In one of these small lakes, there stood for many decades at its upper end three old prairie schooners partially submerged, decaying down to their skeletons of ironwork. Stories that can hardly be firmed up enough to be called legend tell that they were abandoned during an Indian attack. If so, this would appear to have been a repeat of the affair at Tragedy Springs.
Mile on mile the tracks may be traced, worn inches deep in the granite of snowpolished domes and ridges by the narrow tires of black Norway iron of the 7-foot wheels of the old conestogas. How many passed this way, say you, to have carved a record so deep?

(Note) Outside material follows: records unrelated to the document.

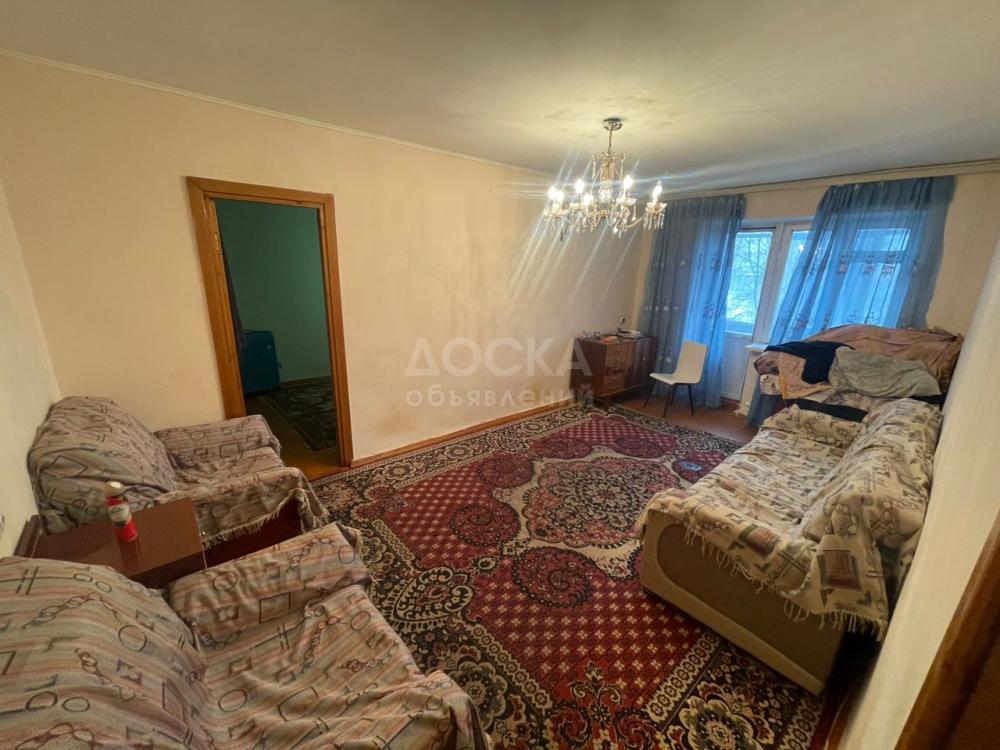 Продаю 2-комнатную квартиру, 43кв. м., этаж - 2/5, Чуй / Турусбекова.
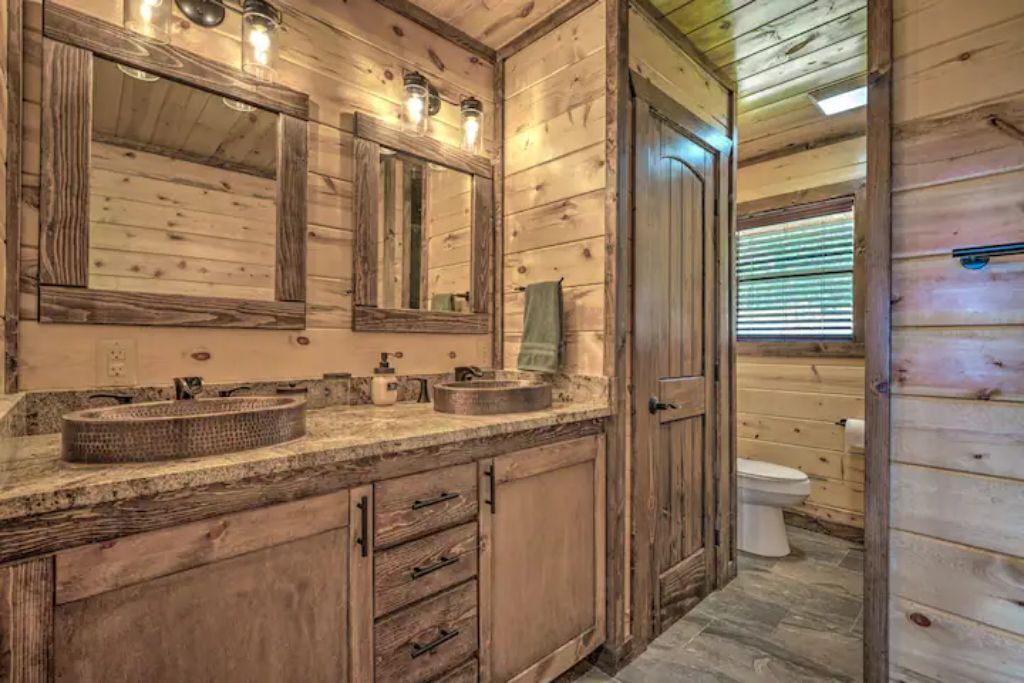 Photo of Bathroom in Tuskahoma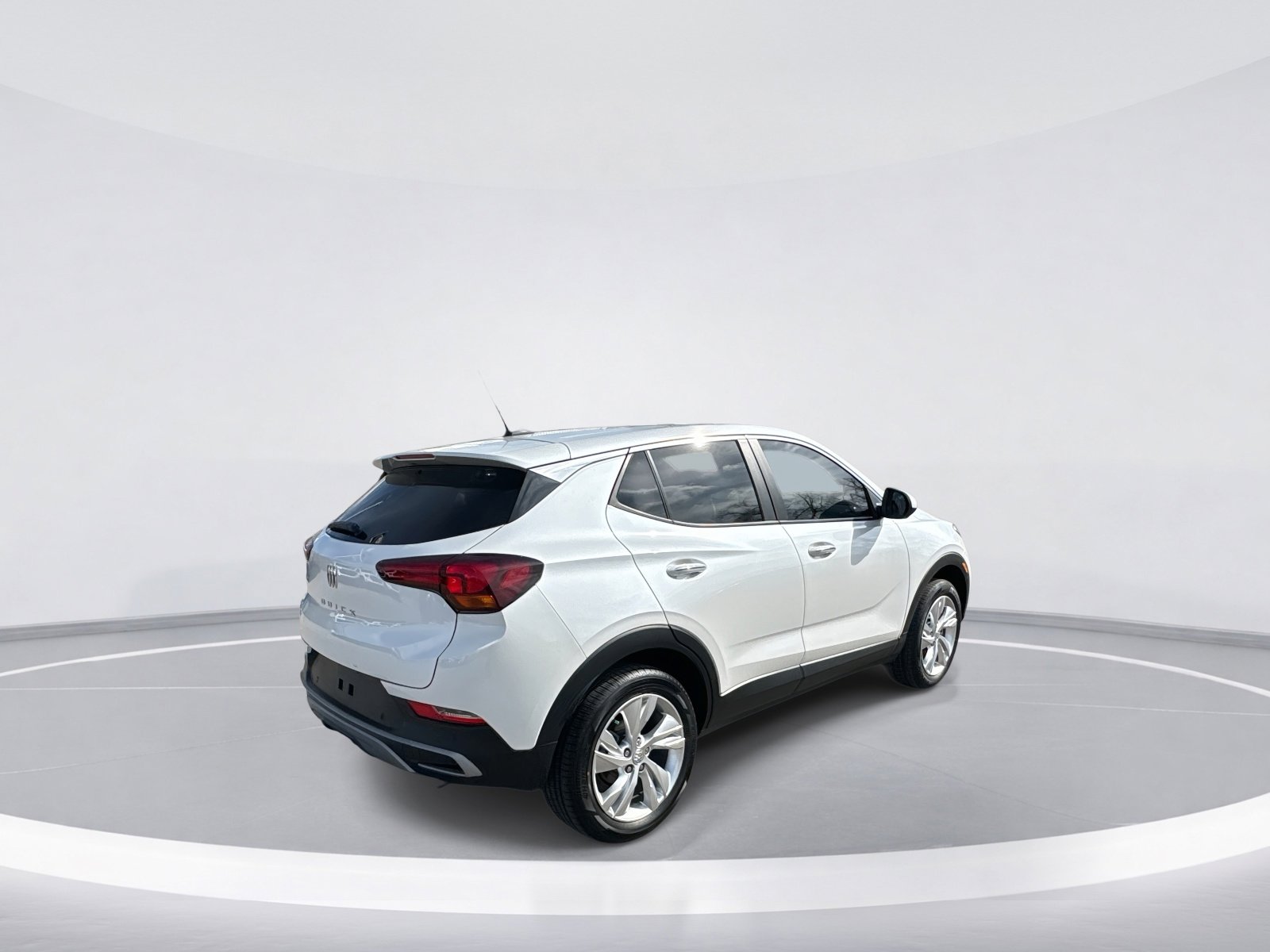 Certified 2024 Buick Encore GX Preferred w/ Comfort Package image 8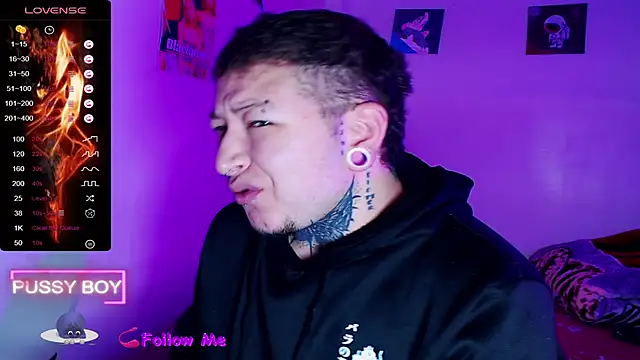 Snapshot of princeFtm chatting on November 2025 02:42:02 PM princeFtm online show from November 2025 02:42:02 PM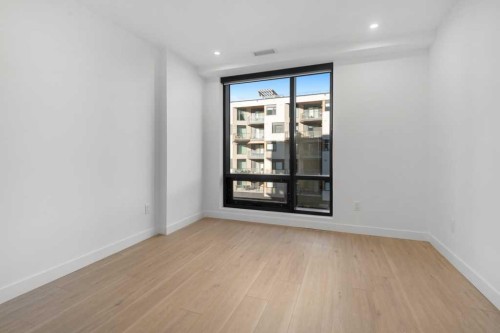 409-8375 Broadcast Avenue, Calgary, AB - Indoor Photo Showing Other Room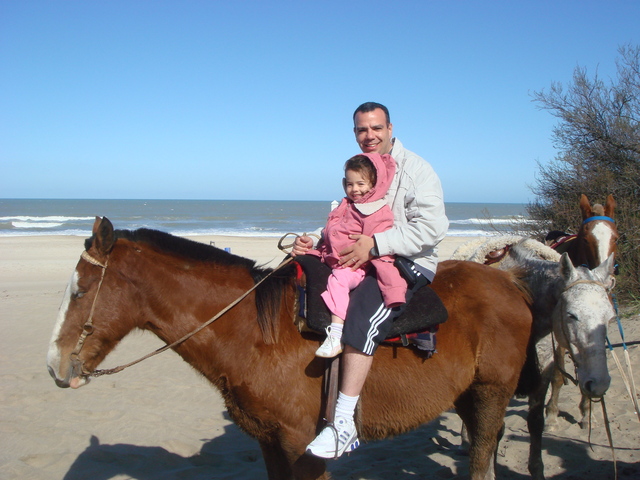 andando  a caballo en carilo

In exploration of this upper world on the old immigrant road, the number of graves encountered impresses one. Graves are scattered everywhere that a scanty bit of soil might be excavated in a rock crevice and a cairn of stone built from the talus mass at the base of the granite peaks. Here is evidence that, after 2,000 miles of hardship and suffering, at the last barricade before the promised land in all too many cases, tired spirits and bodies were broken in the scaling of the might rampart of the Sierra Nevada.
Into Summit City a pack train could penetrate in July, August, and September. A thousand feet above the town a branch of the old road ends just like that. Heavier freight was lowered into one of the greatest canyons on earth by means of blocks and tackles belayed to iron axles driven into holes single-jacked into the living rock by daring young men on flying bosun's chairs.
This was a repeat of the method used at the Carson S pur, where some of the old iron bars are still in view, to which the falls were attached to haul up the wagons that were disassembled to make this possible. The oxen were taken up in belly bands and all reassembled at the summit.
The builders of Summit City were of the breed of Paul Bunyan. In the ruins of the town, a few stone walls and house foundations may have lasted to this day. An artifact of more than passing interest was the remnant of a pool table. The mechanics oflowering such an object over a sheer precipice of that height are, of course, impossible. But it was done because there it is.
For a moment let us consider the motivation behind this. Eight months of total confinement and complete isolation in that white hell is more than the spirit of man may endure, more especially when it is inflicted upon a small group. Under such conditions cabin fever is a more deadly menace than a bullet. For this poison, the pool table was at least a partial antidote. May we express our unbounded admiration for the townsmen of Summit City, of all of the rugged and durable, the most rugged and durable.